Staggeringly, this suggestion has already been voiced as a serious possibility.
Happily, there is light at the end of the tunnel. Despite frantic efforts by the anticompetition lobby, who have advanced arguments like these, European lawmakers and a handful of courageous national governments and regulators (among them Postcomm) are determined to remove restrictions and drive the benefits of competition into the hands of customers.
But it is about time too. After all, as a matter of basic competition law, monopolies are illegal.
Allowed for too many years to rumble on, regardless of whether they made profits or not, many post offices throughout Europe have finally been called to account. The 1997 EC Postal Directive, although far from introducing new competition, did successfully kick-start the liberalisation process. Since then, we have seen a remarkable turnaround in the fortunes of the hitherto massively loss making Poste Italiane and of several other European post offices. The German and Dutch governments had jumped the gun and already started the painful process of turning their national post offices into efficient and profitable organisations. They did this to make sure they will be ready for competition when it does come. In Sweden, the near overnight liberalisation in 1993 led to a less orderly introduction of competition, but there is no doubt that the basic service has, if anything, improved since then.
The UK now eagerly awaits Postcomm’s final decision, in May, on how to introduce competition into the UK letter market. The significance of this decision must not be underestimated. Its impact will stretch not only beyond national boundaries, but also into other industries.
Germany has already extended Deutsche Post’s monopoly by five years as a direct result of other key markets, such as the UK, failing to introduce competition.
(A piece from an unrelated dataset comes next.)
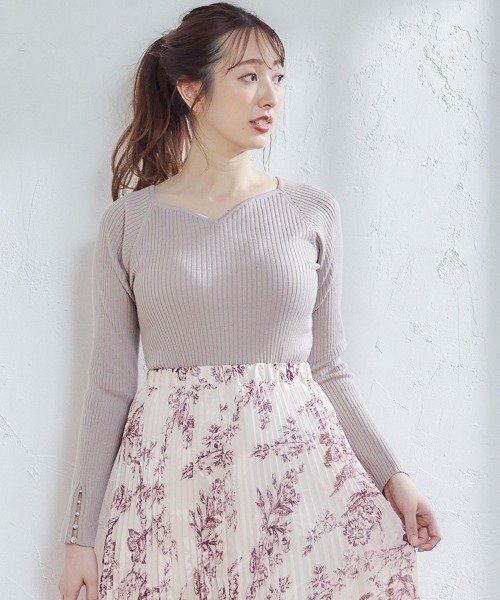 12Twelve Agenda（トゥエルブ　アジェンダ）の「ハートネック袖口アソートパールリブニットプルオーバー（ニット/セーター・レディース・ベージュ/オフホワイト/チャコールグレー/ブルー/ピンク/ブラック/サックスブルー/ピンク系その他・M）」の14枚目の写真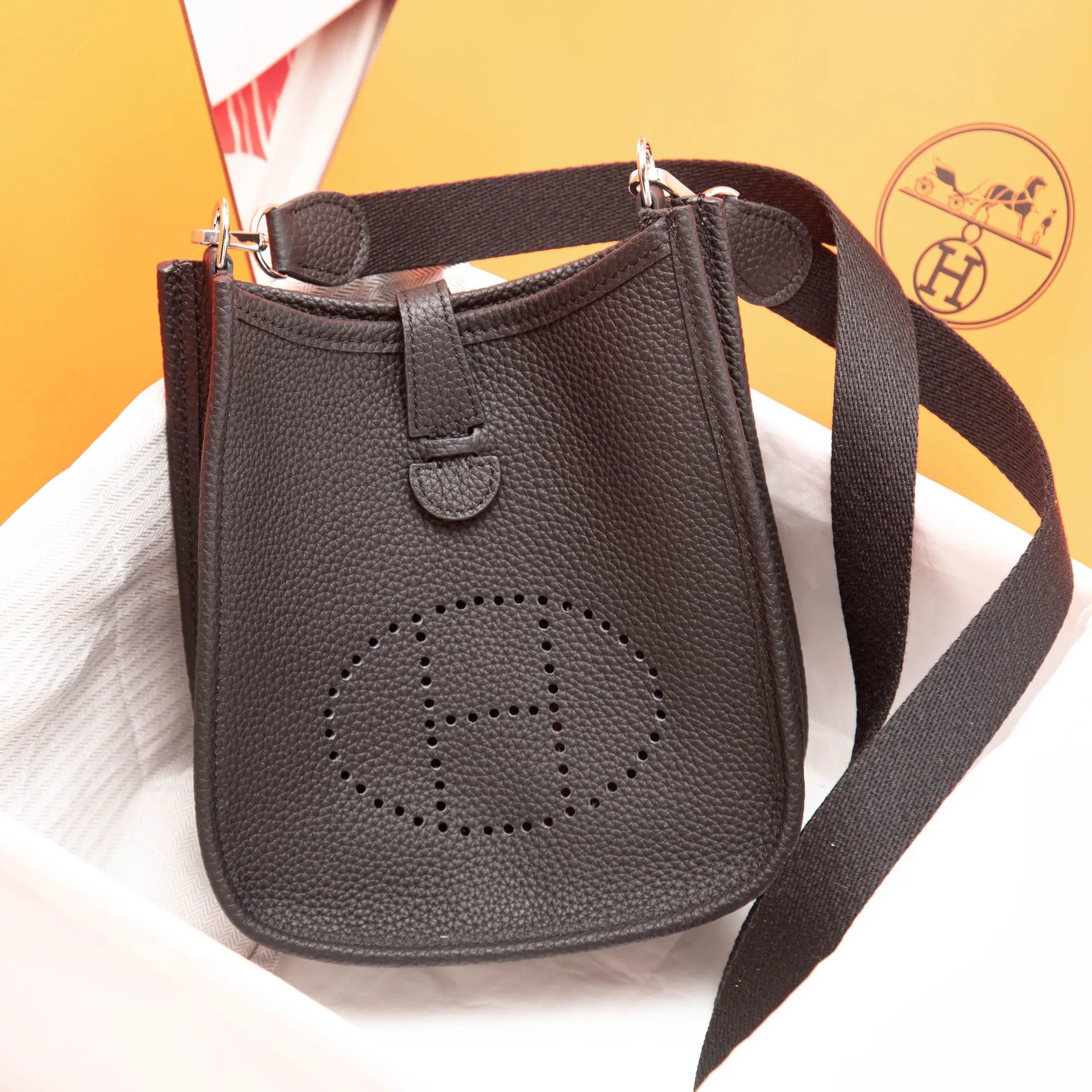 All categories Official website "Brand Women's Bags" Women's Bags 💙 Hermes 2022 official new Hermes evelyne mini bag wholesale imported cowhide 58002300 high quality size: 17CM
The reasoning has nothing to do with economic
necessity but is based on the schoolchild logic of”I will, if you will — I won’t, if you don’t”.
If Postcomm fixes a clear date for market opening, Germany has no excuse to further delay its liberalisation. A host of smaller countries will feel free, if not compelled, to open their markets too. Customers everywhere will benefit.
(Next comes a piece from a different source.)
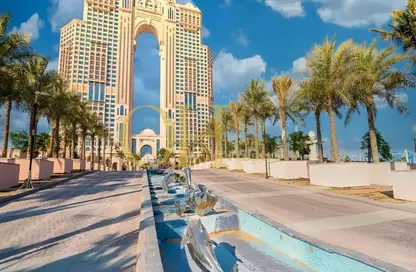 Apartment - 2 Bedrooms - 3 Bathrooms for sale in Fairmont Marina Residences - The Marina - Abu Dhabi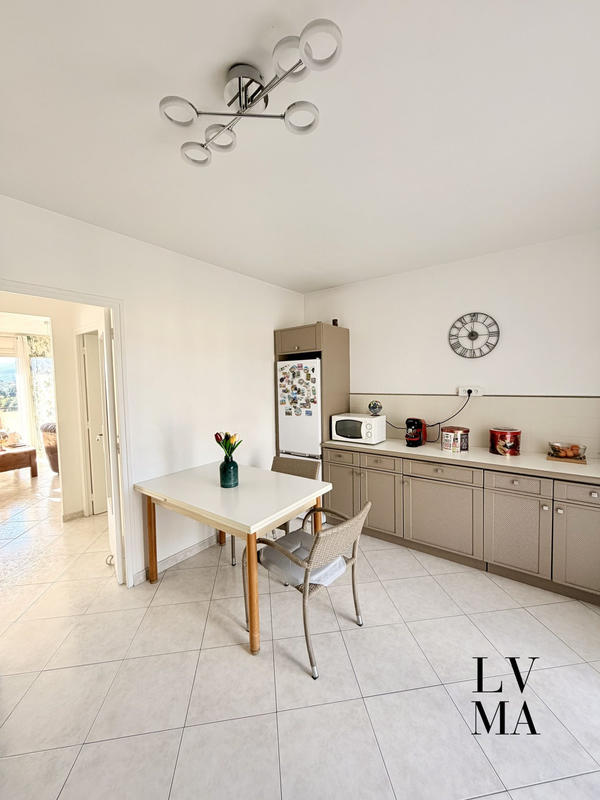 Appartement - 82 m² - 3 pièces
For a successful market opening, Postcomm has three steps to follow. First, it must keep its courage and set a clear date for market opening.
Second, Postcomm must make Consignia strong by giving it sufficient time to prepare for full competition and the commercial freedom to compete, but, at the same time, protect individuals through sensible price caps. Third, it must protect neighbouring markets from unfair competition and nip in the bud the prospect of a sprawling universal service definition. If it can do these three things, it will do a service to every stakeholder in the distribution industry.
On the other hand, if Postcomm bows to political pressure and shirks its responsibility, the pitiful state of affairs as currently exists in the UK and the rest of Europe will drag on. Frustrated by the lack of competition, customers will increasingly seek to use other media to reach their clients and the postal industry will suffer a potentially fatal blow.
The UK has a unique opportunity to show the rest of Europe, if not the world, how to ensure a solid, basic postal service and how to make its incumbent post office an efficient and successful operator in the face of vibrant competition, without damaging surrounding markets.
The process will be painful but, if Postcomm does not bite the bullet now, then monopolies and monopolists will grow until they choke the postal and surrounding industries to death.